» PROBLEM DETAILS
In the entries below, find the line with "Fresh grated carrot salad rotating on wood" and the line with "Kleineinzelhandelsinhaber, Café und". Reproduce those two lines and every line between them exactly, and nothing more.

» SUPPLIED DATA
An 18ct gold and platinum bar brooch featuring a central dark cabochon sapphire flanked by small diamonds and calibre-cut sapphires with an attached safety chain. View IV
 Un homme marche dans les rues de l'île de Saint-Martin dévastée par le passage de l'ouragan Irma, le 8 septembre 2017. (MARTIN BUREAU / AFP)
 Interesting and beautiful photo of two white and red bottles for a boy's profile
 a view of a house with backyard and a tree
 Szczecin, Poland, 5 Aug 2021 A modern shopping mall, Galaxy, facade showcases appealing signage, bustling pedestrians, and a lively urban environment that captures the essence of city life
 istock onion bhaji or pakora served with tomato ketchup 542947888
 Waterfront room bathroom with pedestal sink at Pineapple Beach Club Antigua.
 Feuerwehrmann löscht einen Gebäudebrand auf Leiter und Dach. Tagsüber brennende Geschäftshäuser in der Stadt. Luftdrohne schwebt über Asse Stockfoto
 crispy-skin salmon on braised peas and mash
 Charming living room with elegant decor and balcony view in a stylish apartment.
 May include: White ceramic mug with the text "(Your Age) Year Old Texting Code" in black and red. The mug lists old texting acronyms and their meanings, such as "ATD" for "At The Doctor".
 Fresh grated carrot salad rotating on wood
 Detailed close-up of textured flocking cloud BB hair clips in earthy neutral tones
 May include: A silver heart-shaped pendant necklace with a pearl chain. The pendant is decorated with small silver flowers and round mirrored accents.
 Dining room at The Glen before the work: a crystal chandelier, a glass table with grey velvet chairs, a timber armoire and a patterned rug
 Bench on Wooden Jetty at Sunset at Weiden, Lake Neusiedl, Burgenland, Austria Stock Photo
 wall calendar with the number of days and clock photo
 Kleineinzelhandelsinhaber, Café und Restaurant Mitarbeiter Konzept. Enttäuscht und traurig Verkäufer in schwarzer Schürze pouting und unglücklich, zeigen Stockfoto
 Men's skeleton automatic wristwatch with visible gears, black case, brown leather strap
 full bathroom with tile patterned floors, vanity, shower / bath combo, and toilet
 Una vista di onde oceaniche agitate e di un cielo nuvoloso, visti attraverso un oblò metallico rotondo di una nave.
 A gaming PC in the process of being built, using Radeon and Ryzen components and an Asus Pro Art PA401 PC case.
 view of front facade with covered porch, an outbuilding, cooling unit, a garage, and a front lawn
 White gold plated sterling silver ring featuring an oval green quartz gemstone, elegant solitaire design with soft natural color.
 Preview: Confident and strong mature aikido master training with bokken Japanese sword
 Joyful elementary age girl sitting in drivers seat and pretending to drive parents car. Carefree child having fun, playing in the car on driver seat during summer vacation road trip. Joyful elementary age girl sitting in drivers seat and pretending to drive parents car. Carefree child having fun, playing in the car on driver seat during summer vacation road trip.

» PROBLEM SOLUTION
 Fresh grated carrot salad rotating on wood
 Detailed close-up of textured flocking cloud BB hair clips in earthy neutral tones
 May include: A silver heart-shaped pendant necklace with a pearl chain. The pendant is decorated with small silver flowers and round mirrored accents.
 Dining room at The Glen before the work: a crystal chandelier, a glass table with grey velvet chairs, a timber armoire and a patterned rug
 Bench on Wooden Jetty at Sunset at Weiden, Lake Neusiedl, Burgenland, Austria Stock Photo
 wall calendar with the number of days and clock photo
 Kleineinzelhandelsinhaber, Café und Restaurant Mitarbeiter Konzept. Enttäuscht und traurig Verkäufer in schwarzer Schürze pouting und unglücklich, zeigen Stockfoto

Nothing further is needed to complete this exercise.